W sobotę, podczas transmisji gali KSW 34, dowiedzieliśmy się, że kolejnym rywalem popularnego Mariusza Pudzianowskiego (MMA 9-4, #7 w rankingu MMARocks) będzie Marcin Różalski (MMA 5-4, #11 w rankingu MMARocks). Panowie skrzyżują rękawice 27 maja w gdańsko-sopockiej Ergo Arenie. „Pudzian” w rozmowie z ckm.pl zdradza, że wygrany tego starcia w następnej kolejności zmierzy się z Peterem Grahamem (MMA 11-9):
Jest to dobre zestawienie. Ja przegrałem z Grahamem, on też przegrał z Grahamem, więc we dwóch spotkamy się w klatce no i zwycięzca będzie miał rewanż z Grahamem.
Fani MMA poznali Pudzianowskiego jako zawodnika, który lubi sprowadzać walkę do parteru i tam obijać rywali. Mariusz twierdzi, że w następnej walce nie będzie zmieniał swojego tradycyjnego gameplanu i postawi na to, co sprawdza się najlepiej:
Do walki z „Różalem” będę chciał zrobić wagę w granicach 112 kilogramów. Oczywiście limit wagowy będziemy mieli 120, ale dla mnie przy moim wzroście optymalna waga będzie gdzieś tak 112, 113 kilogramów. Ja taką wagę będę chciał wnieść w dzień walki.

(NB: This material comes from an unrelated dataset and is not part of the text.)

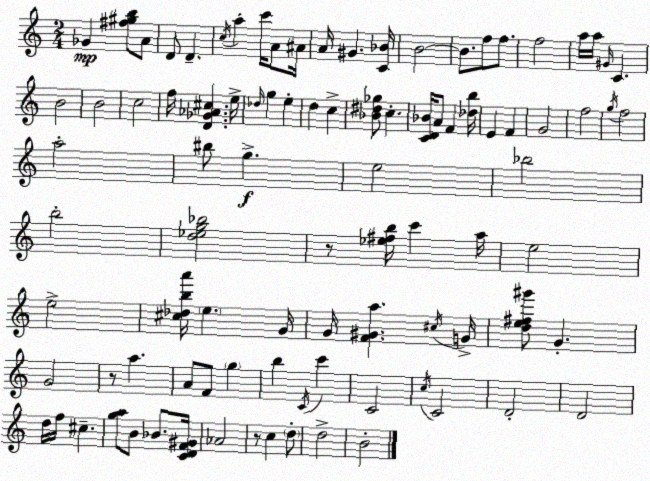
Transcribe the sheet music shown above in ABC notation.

Walkę z Marcinem trzeba będzie poprowadzić tak jak on. On lubi stójkę, ja lubię parter, więc nie jest to żadna tajemnica. On będzie za wszelką cenę dążył do walki w stójce, ja za wszelką cenę będę dążył do walki w parterze i ten, kto popełni błąd, tę walkę przegra, więc każdy wie, co musi robić. [….] Wszystko jest jasne. Wygra ten, kto będzie miał lepszą predyspozycję dnia.
O Pudzianowskim jest ostatnio głośno nie tylko z powodu jego występów w okrągłej klatce KSW, ale też z faktu publicznego wyrażania swoich opinii, m.in. o tzw. „uchodźcach”. W związku z tym pojawiają się głosy, że „Pudzian” mógłby się sprawdzić jako polityk. Mariusz twierdzi jednak, że nie ma zamiaru iść w tym kierunku:
Polityka mnie nie interesuje, jestem apolityczny. Oczywiście, lubię wygłaszać swoje zdanie głośno, ale jakoś do polityki mi się nie spieszy. Niektórzy proponują mi, żebym może w politykę szedł. Nie, dziękuję, nie skorzystam z tego, więc wolę pozostać wierny temu, co lubię robić.
Mariusz na prezydenta! On by na pewno rozwiązał problem z uchodźcami :jump:
Pudzian ostatnio jakiś mniejszy w sobotę był, 112 ciekawe
właśnie taka waga powinna być u Mariusza, z siłą nie będzie problemu i tak będzie silniejszy od prawie wszystkich zawodników 120-130 kg, zmniejszenie wagi za skutkuje: szybkością, celnością i trochę większą wytrzymałością
napewno przy niższej wadze będzie lepsze cardio, nie przepadam za nim, ale fajnie by było jakby zszedł trochę, oglądam wszystkie walki, więc jak będzie miał lepsze cardio i lepiej się poruszał na nogach, to będzie fajnie.
to juz jest chudzian nie pudzian
Mario wygra przez jebnięcie o plandekę tira! 😀 Całym sercem za Pudzianem, choć pewnie automatycznie czyni mnie to jebanym w dupę balasem, jedzącym własne gówno.
Wygra Mariusz w 1 rundzie przez kontuzję Różala w wyniku obalenia lub walki w parterze.
O Pudzianowskim jest ostatnio głośno nie tylko z powodu jego występów w okrągłej klatce KSW, ale też z faktu publicznego wyrażania swoich opinii, m.in. o tzw. „uchodźcach”.
Dziękuję za ten cudzysłów. Taka drobna rzecz a cieszy.